Ces neuf fictions que Julián Ríos a rédigées vers la fin du franquisme pourraient se situer à un date imprécise. Mais l'une d'entre elles décrit un épisode qui se réfère clairement au début de l'insurrection contre la République : c'est "Une partie de chasse en juillet" avec l'indication « quand on apprit à Tamoga la rébellion des militaires, deux jours après l'événement». Dans cette nouvelle, Celso Castillo, un tailleur républicain, dont le frère a tenté de faire évader de prison des rouges notoires, est enlevé chez lui par une bande de fascistes dirigée par le docteur Lago, et ils vont l'exécuter en pleine forêt en le tuant comme du gibier. Trente ans plus tard, le fils du tailleur revient dans la région à bord d'une voiture immatriculée en France pour venger son père en abattant le docteur Lago ("Dies Irae"). On trouve évidemment d'autres passages d'une nouvelle à une autre, mais sans le contexte de la guerre d'Espagne. C'est que l'originalité de ce "roman de Tamoga" est ailleurs et le titre en est l'indice.

Le "cortège des ombres" est construit par la chute de chaque nouvelle : toutes se terminent par une mort violente. Dans "Histoire de Mortès", un voyageur de commerce, se suicide sur la plage. Dans "Les Ombres", Doña Sacramento est brûlée vive dans sa maison. Quant au pharmacien Elias Rocha… on n'en dira pas davantage.

Les vies qui se concluent ainsi dans la violence et l'horreur nous parlent entre autres du vice du jeu, de jalousie et de sexe. Palonzo, justement, est un idiot du village recueilli sur le tard par une veuve solitaire. Pour se distraire le samedi soir, les villageois vont chez Corisco qui « amenait de la grande ville deux ou trois femmes…» et pour renouveler l'intérêt ils y mènent Palonzo et se font voyeurs : « Un phénomène. À se pâmer de saisissement. Un baudet capable d'éreinter ces femmes d'expérience dans un à-n'en-plus-finir haletant... On échangeait des paris, de plus en plus aventureux…» Dans la nouvelle suivante, la blonde Adoración «  qui dansait nue dans le magasin de Corisco » devient la fidèle épouse du tailleur Castillo. Et tout ça, rien qu'à Tamoga.

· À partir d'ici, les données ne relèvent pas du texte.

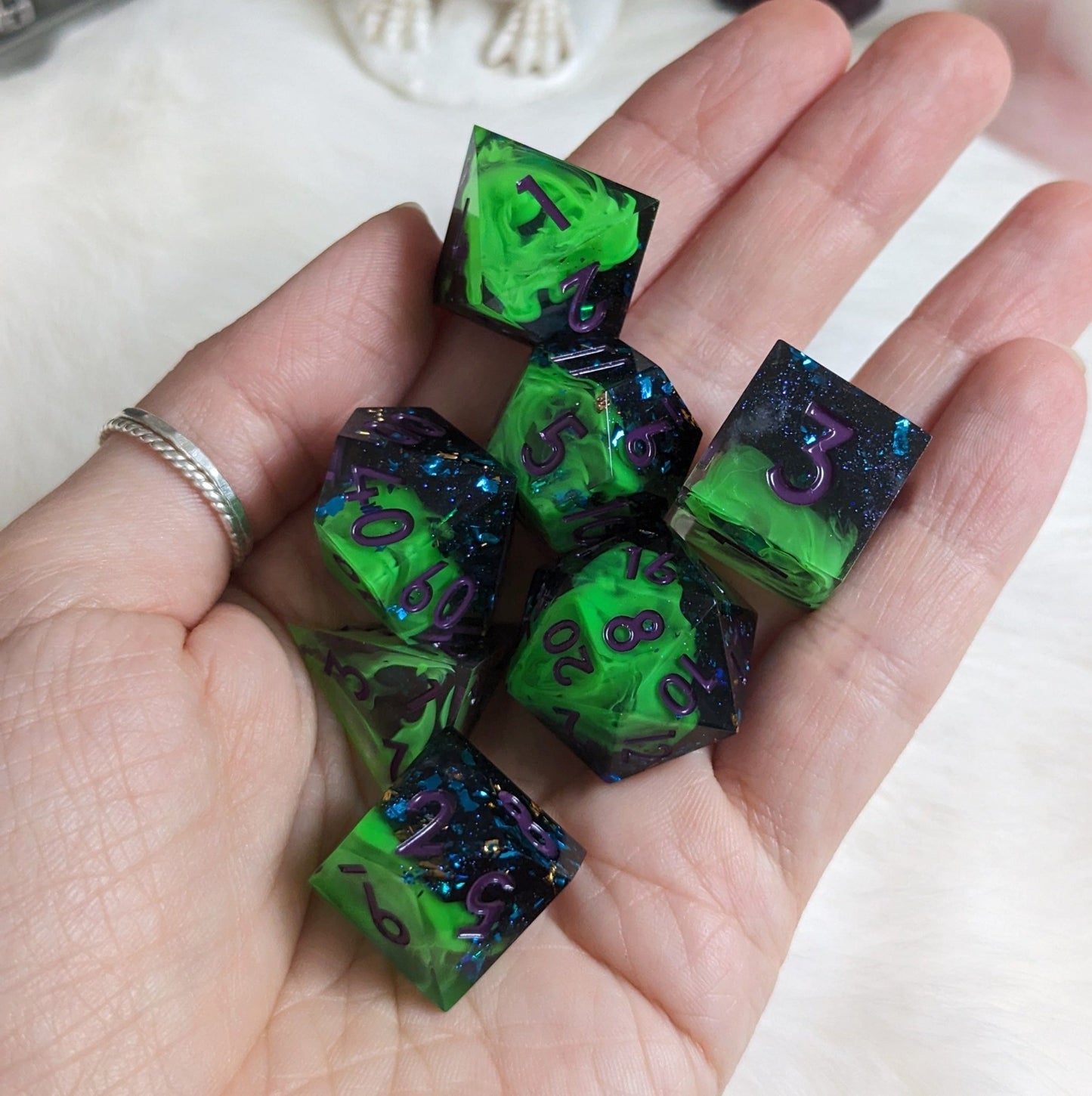 Neon Green Black Dice Set – 7 - Piece Sharp Edge Layered Swirling Purple Font DnD - Fennek and Finch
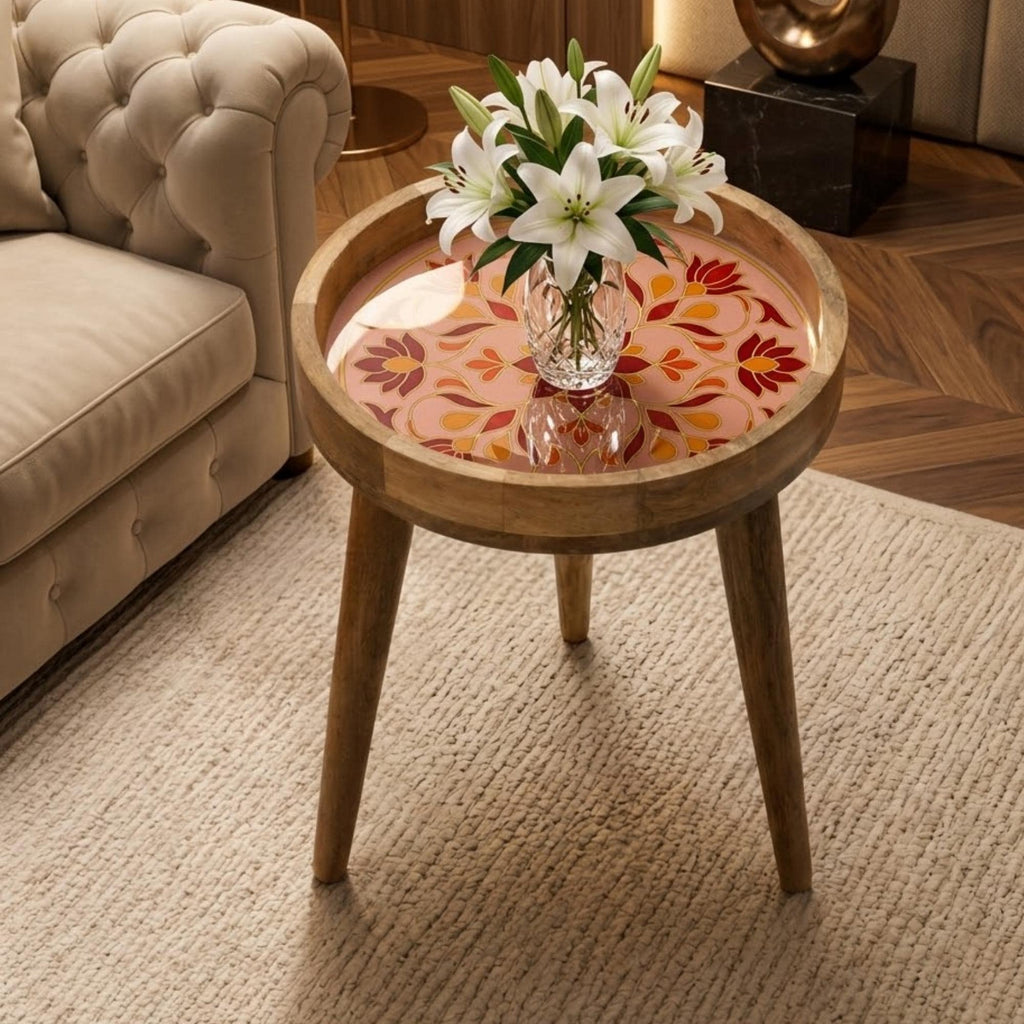 Handmade Pink Floral Mango Wood Round Side Table | Boho Accent Furniture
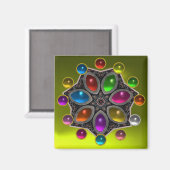 宝石が黄色のカラフル光沢のある星 マグネット (正面/裏面)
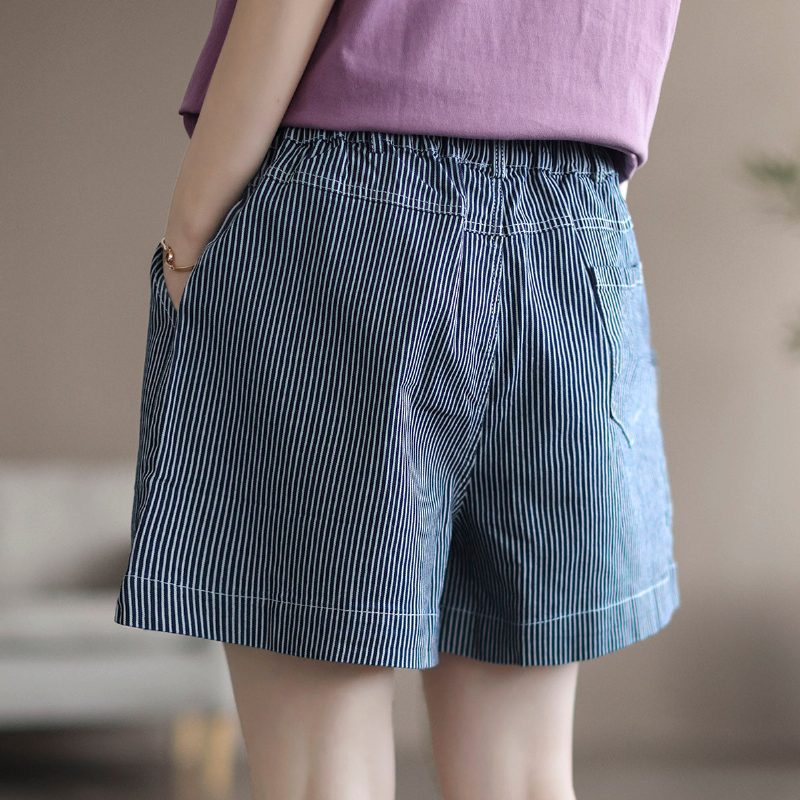 Damen-sommer-shorts Aus Baumwoll-denim Mit Lockeren Streifen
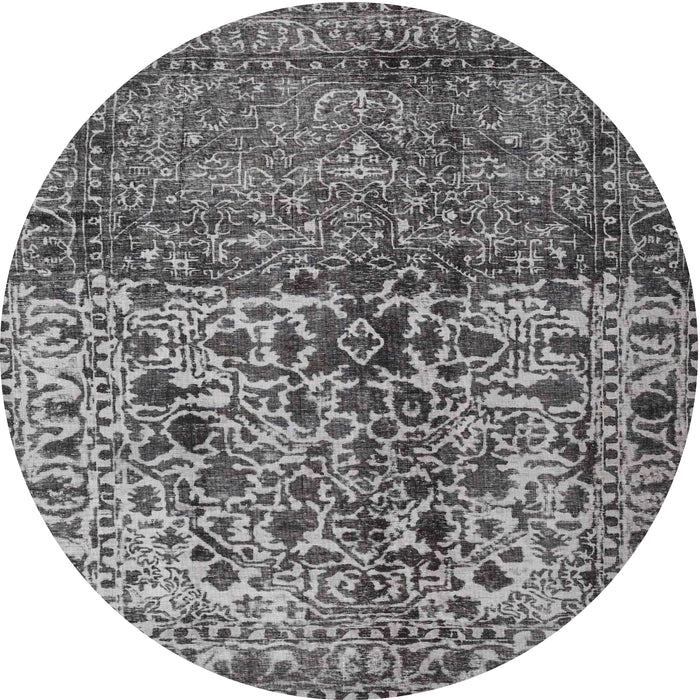 Square Machine Washable Traditional Dark Gray Rug, wshtr4269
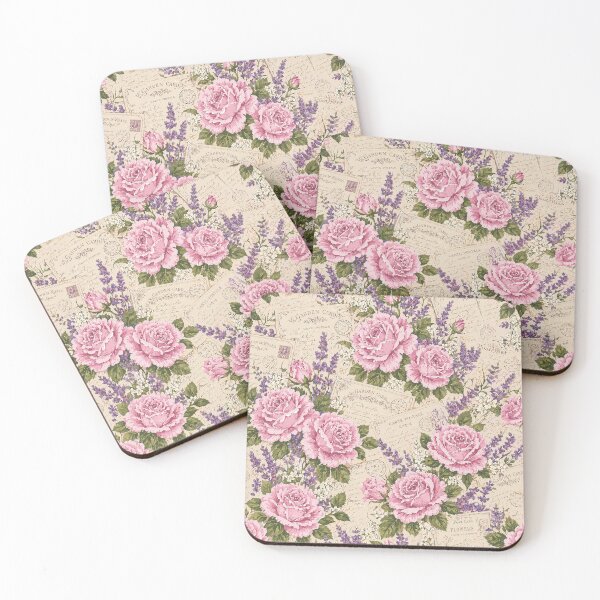 Item preview, Vintage Pink Roses and Lavender - Antique Shabby Chic Botanical Pattern designed and sold by FlatInkStudio.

• Décidément, ce "Cortège des Ombres" est un petit bijou. Merci Julián Ríos, qualifié par Carlos Fuentès d' « écrivain le plus inventif et le plus créatif dans la langue espagnole.» Après Cervantès je présume…

 

• Julian RIOS  -  Cortège des ombres. Traduit par Geneviève Duchêne. Tristram, 2008, 149 pages.